MAURİTİUS’UN ANIMSATTIKLARI
- Mauritius halkının % 48,5 Hinduizm’e inanır. En yaygın din; % 32,7 ile Hristiyanlık’tır.Ülkede Müslüman halkın oranı ise % 17,3 ‘tür.
- Mauritius’a her yıl 1 milyondan fazla turist geliyor. Bu turistlerin % 80’inden fazlası Fransız. Özellikle aileler ve balayı çiftlerinin en çok tercih ettikleri destinasyonlardanmış bu ülke.
- Mark Twain “Önce Mauritius yaratıldı, cennet yaratılırken Mauritius’dan kopya çekildi” demiş.
- Halk, 3 farklı dil biliyor : Bunlar Fransızca, Kreolce (Fransızca gibi aslında.) ve İngilizce. Bu 3 dili de, adanın her bir mahallesinde duyabiliyorsunuz.
- % 90 şeker kamışı tarlaları ile kaplı Ada’da rom üretiliyor.
- “Alice Harikalar Diyarında” romanının yazarı Lewis Carol ; Oxford University Museum of Natural History’de gördüğü Dodo Kuşu’ndan ilham alarak sözü geçen Romanı kaleme almış.
- Dört bantlı bayraklarındaki; Kırmızı; kölelik, kolonizasyon ve bağımsızlık dönemlerinde dökülen kanları, Mavi; adayı çevreleyen okyanusu, Sarı: bağımsızlığın ve geleceği simgeleyen güneşi, Yeşil: adanın yeşil iklimini temsil ediyor.
- Önemli Plajlar Adanın batısında Flic en Flac (Sugar Beach) doğusunda ise Belle Mare.
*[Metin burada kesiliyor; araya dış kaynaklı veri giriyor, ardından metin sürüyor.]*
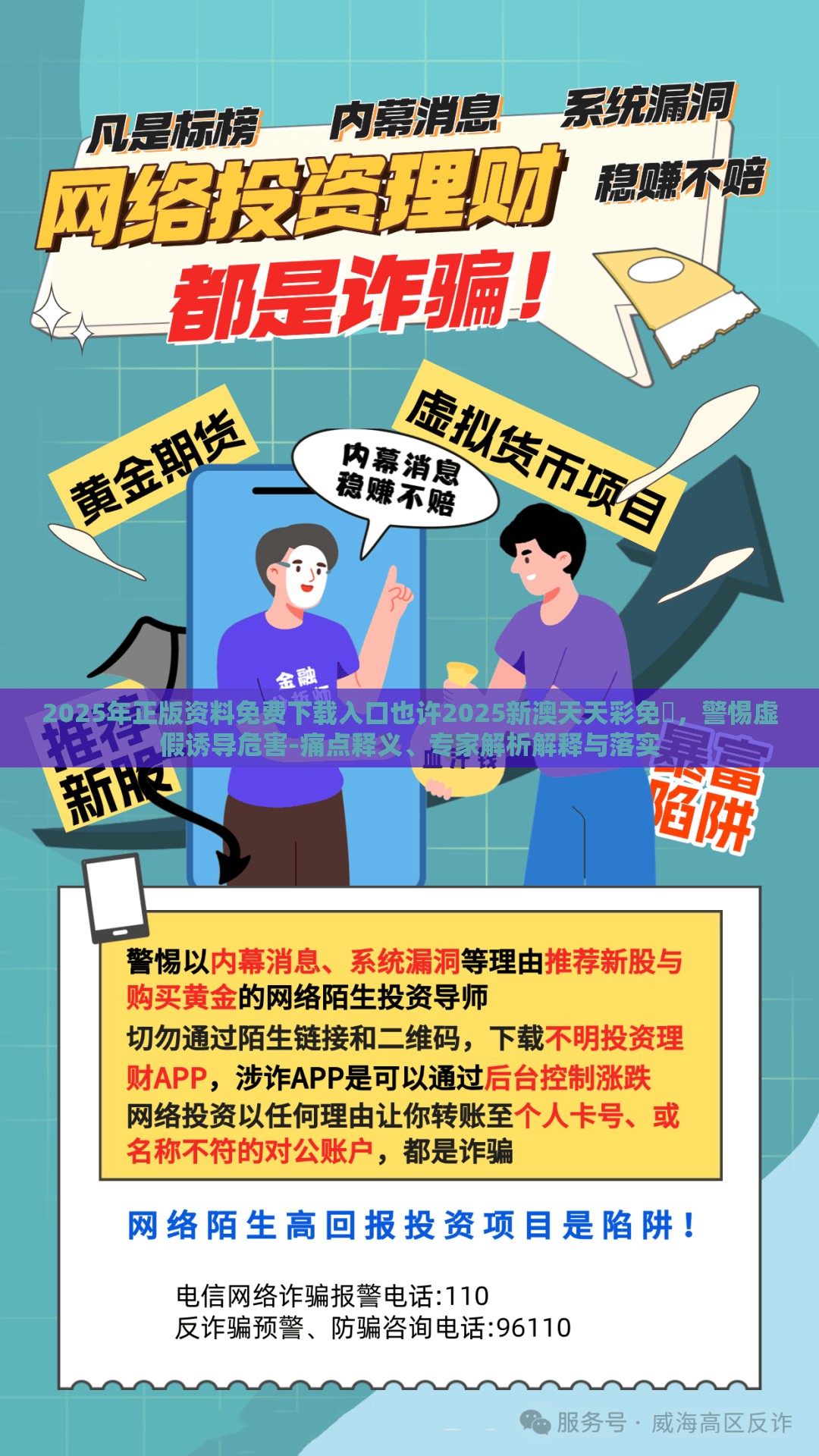 2025年正版资料免费下载入口也许2025新澳天天彩免費，警惕虚假诱导危害-痛点释义、专家解析解释与落实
- Genel olarak Hint kültürü hakim olduğu için yemeklerde esas olarak Hint yemekleri, Dholl Pori, Biriyani gibi Hint yemekleri her yerde bulunabiliyor.
- Mauritius’da Vanilya Çayı ve Phoenix Birası çok revaçta.
-Hediyelik eşya olarak gemi maketi, baharat, masa örtüsü ve tekstil ürünleri satın alabilirsiniz.
- Mauritius’un geleneksel Sega Dansı.
- Güneşlenmek, denizin ve sahilin tadını 30 dereceyi bulan sıcaklıklarda çıkarmak için en ideal zaman ise Şubat ayıdır.
- Mauritius’da her yıl 15 Kasım ile 25 Mart tarihleri arasında yaklaşık 15 kez siklon meydana gelmekteymiş.
- Jummah Mosque Cuma Camisi 1853 yılında açılmış.